As Hadoop spread, Microsoft built a similar tool known as Dryad, which ran atop another proprietary Microsoft platform called Cosmos. This helped drive Microsoft's Bing search engine, and in 2009, the company released a preview version of a Dryad platform that could be used outside of Microsoft and Cosmos.

But in late 2011, just a few months after the beta release of the tool, Microsoft pulled the plug, saying it was doubling down on Hadoop. The company had already announced that it was helping to port the open source platform Hadoop to Windows, but the move was surprising -- and it was yet another sign that Microsoft was dead serious about embracing open source software.

In October, its Hadoop-based tool were rechristened as HDInsight, and the company released a two technical previews: one that ran atop its Windows Azure cloud service and one that you could download and installed on your own Windows servers.

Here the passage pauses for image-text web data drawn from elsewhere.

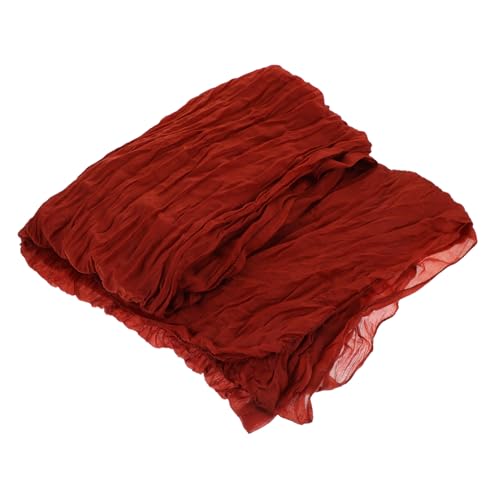 Nappe pliable chemin de table froissé Amosfun pour décoration de table
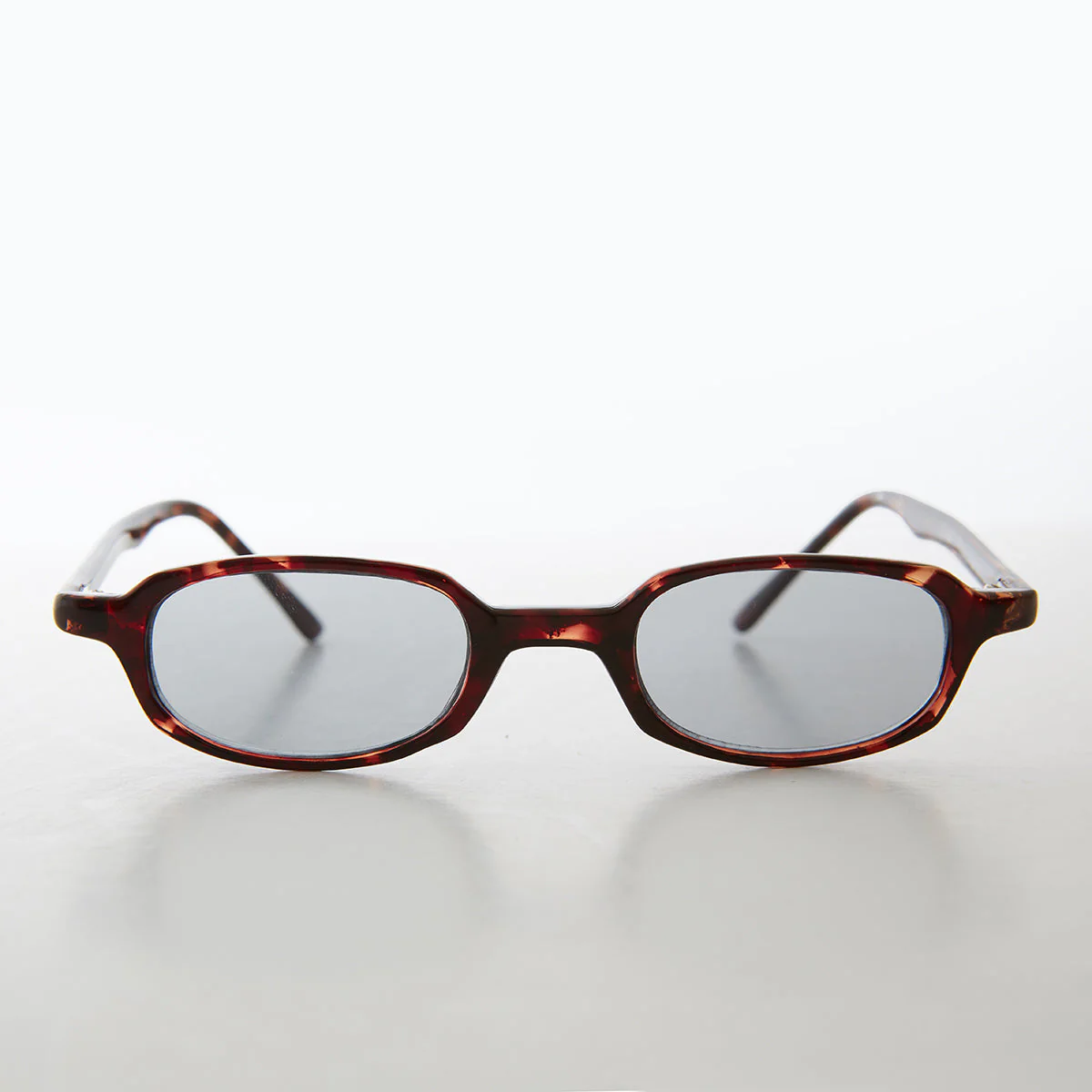 Micro Rectangle Tortoiseshell Sunglasses - Summers 1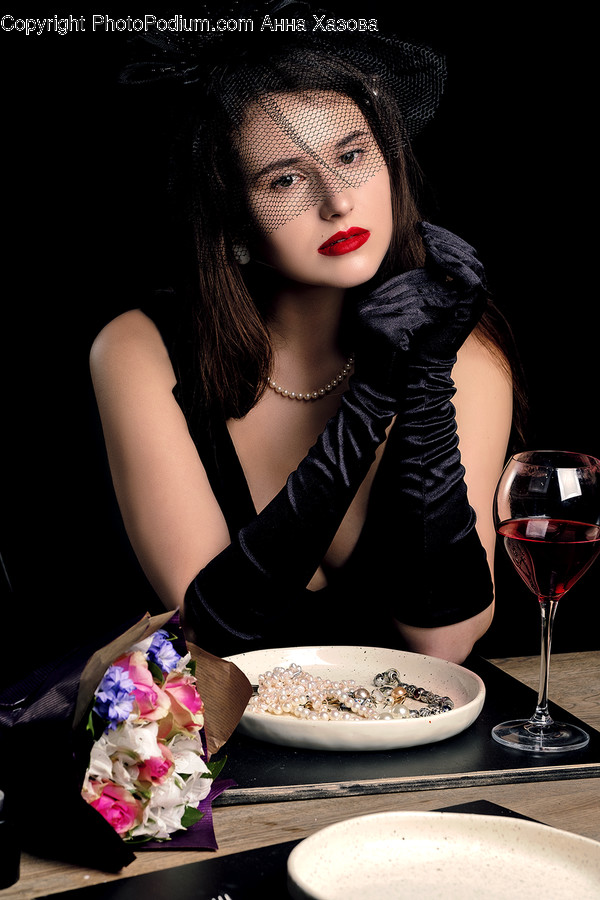 Person, Human, Glass, Alcohol, Drink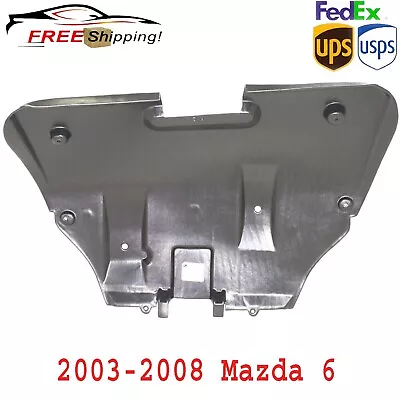 New Engine Splash Shield For 2003-2008 Mazda 6 Front Center MA1228104 • $59.40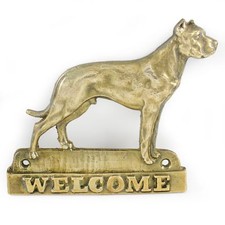Dogo Argentino - brass tablet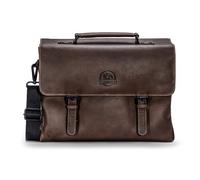 Farmhood Nashville Cartella XXL 3 scomparti in pelle 39 cm dark brown (FH02012-03)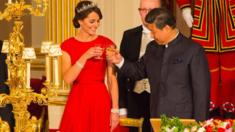 The Duchess of Cambridge and Chinese President Xi Jinping at a state banquet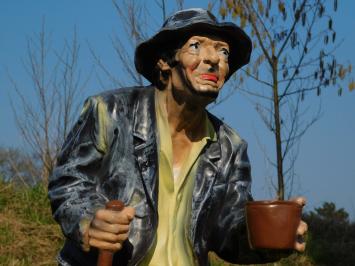 Statue Beggar - 92 cm - Polystone - Black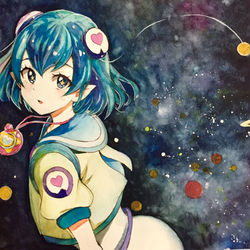 This is a pixiv picture whose title is プリキュア透明水彩（3枚）.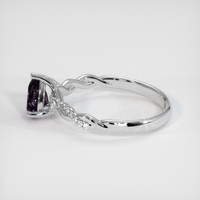 0.66 Ct. Sapphire Ring, 14K White Gold 4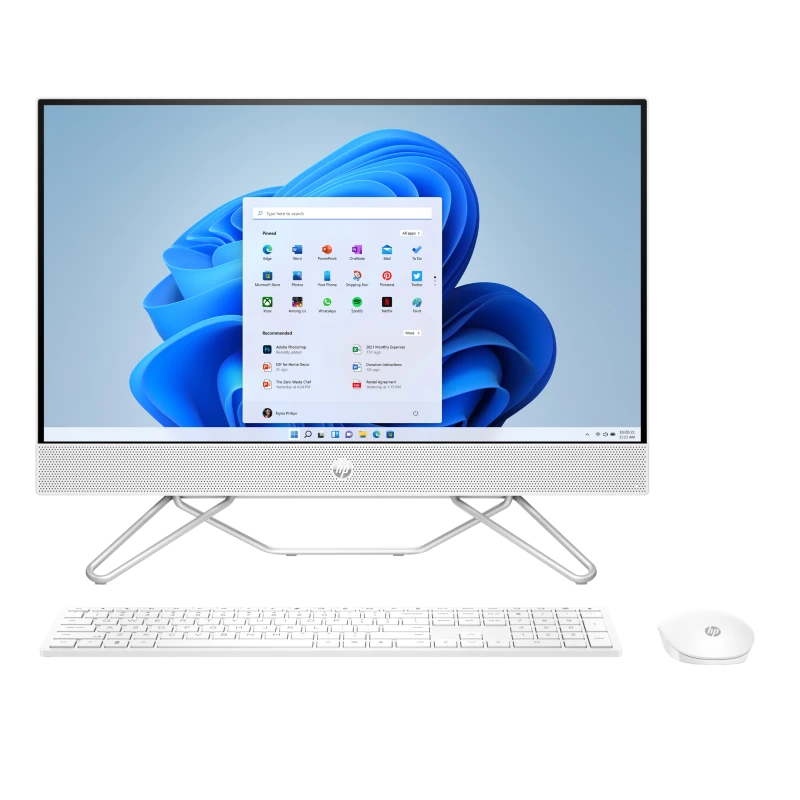 All in One 24-cb1052nl / 7H083EA / Intel i5 / 8GB / SSD 512GB / Intel Xe / FullHD / Win 11 / Biały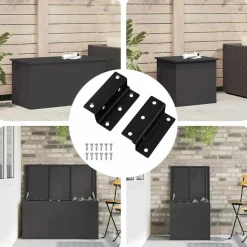 vidaXL Bisagra 2 pcs Negro 38 x 17 x 60 mm Hierro Discount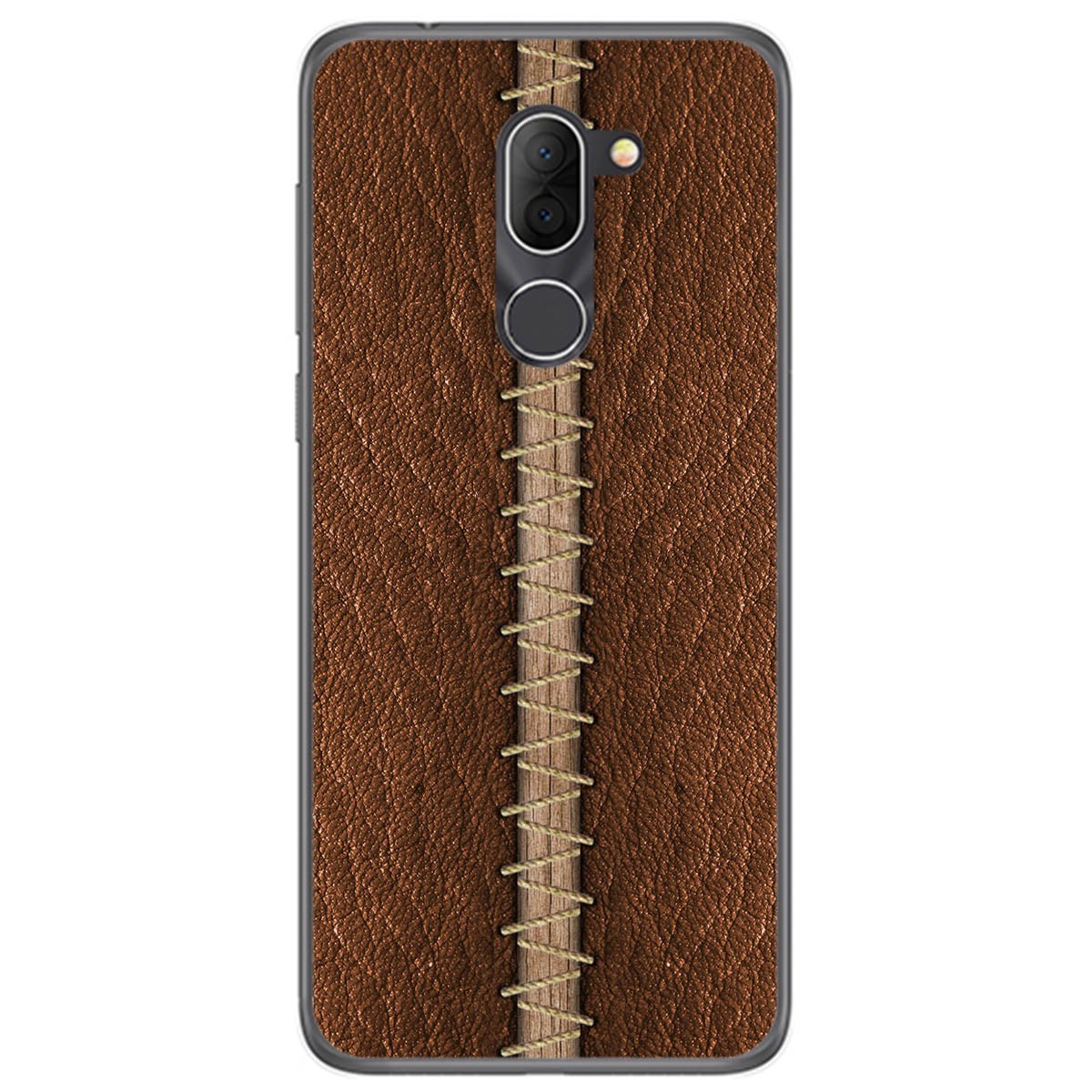 Funda Gel Tpu para Alcatel 3x diseño Cuero 01 Dibujos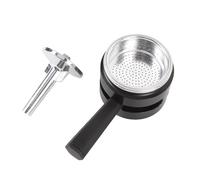 Fabater Moka Sostituzione Sostituzione Termostato in Alluminio Estrazione in Lega di caffè Efficiente della Doppia Valvola (BLACK)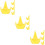 12Pcs Yellow Ceramic Instrument Holders Ocarina Brackets Stable 9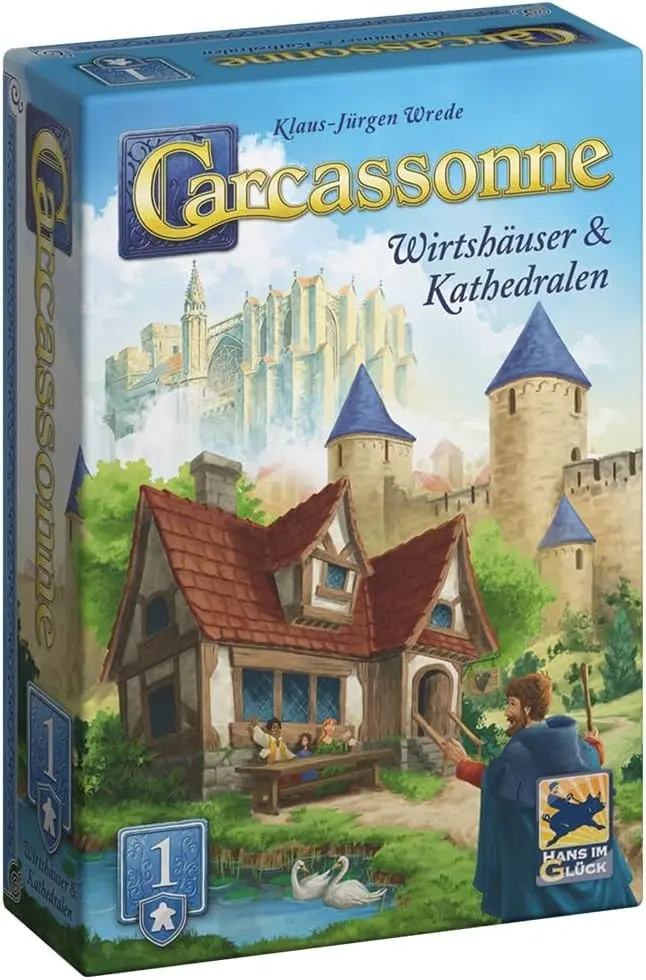 Cover: 4015566018471 | Carcassonne - Wirtshäuser und Kathedralen | Spiel | Deutsch | 2025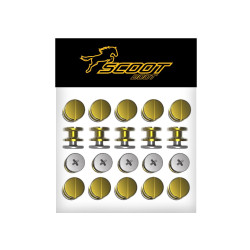 Pack 20 rivets et crochets Scoot Boots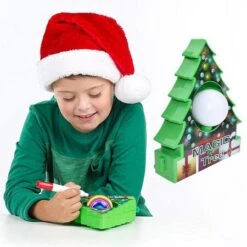 Kids DIY Craft Drawing Toy Christmas Tree Decoration Set Ball Ornaments Children Christmas Gifts Educational Toys -Christmas Lights Store 292445 2520231 F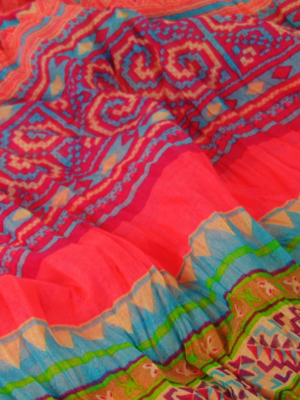 One of our inner fabrics called Festival. This inner fabric is made of a scarf.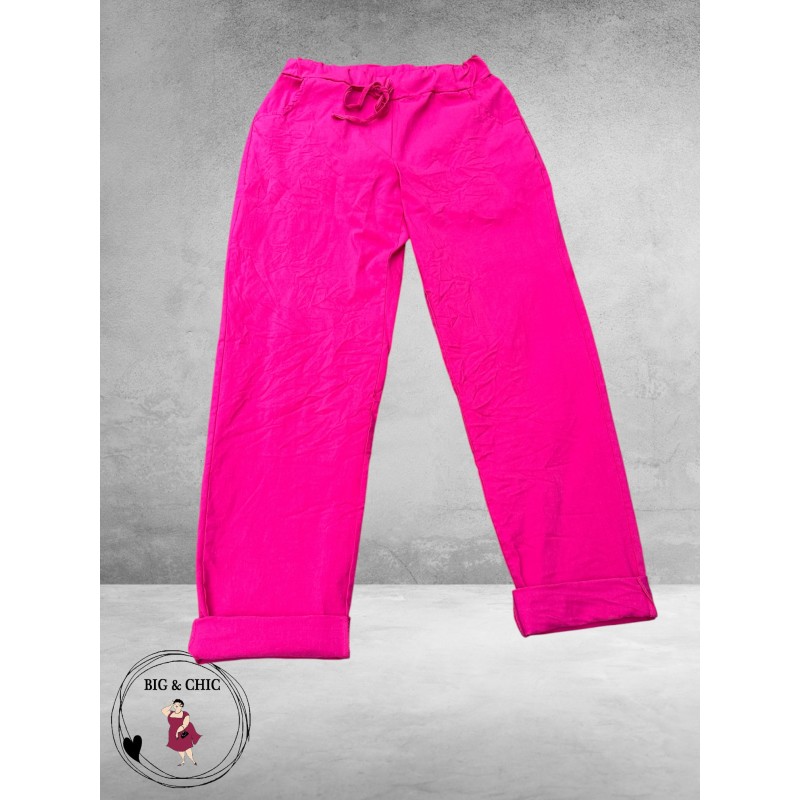 New Collection Broek Slim Stretch Pink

Today, Microsoft still uses Cosmos. But as Dave Campbell says, Hadoop is gathering steam inside the company.

Microsoft subsidiary 343 Industries uses HDInsight to glean information about the behavior of Halo players. Jerry Hook, an executive producer of Halo 4, explains that the game designers wanted to update the game each and every week, and they wanted to tailor new content to the preferences of users -- so they turned to Hadoop.

Using HDInsight, the 343 Industries team was able to collect data on how players actually interacted with the game, which modes they preferred, which weapons they used, and which maps they spent time in and which ones they dropped out of quickly. They were then able to use that data to tweak the weekly releases. For example, Hook says they discovered that players actually preferred smaller maps to larger maps that required the use of vehicles.

More dramatically, they learned that players had found a way to corrupt profiles to make parts of the character avatars invisible. Once the team was able to see the pattern, they were able to put measures in place to discourage players from doing this, such as booting them or making their character avatars larger.

343 Industries' non-technical team are able to use HDInsight via an Excel plugin called Microsoft Data Explorer, enabling the marketing team to do research such as how best to encourage new players to start using the multiplayer mode.

So Microsoft has finally learned to eat its own opens-source dog food. But will others embrace HDInsight in the same way? Campbell says a few outside companies are using it, including the social media monitoring company Klout. Klout also has close ties to Microsoft. But this is still progress. Klout isn't using Dryad. It's using a Microsoft tool based on open source software.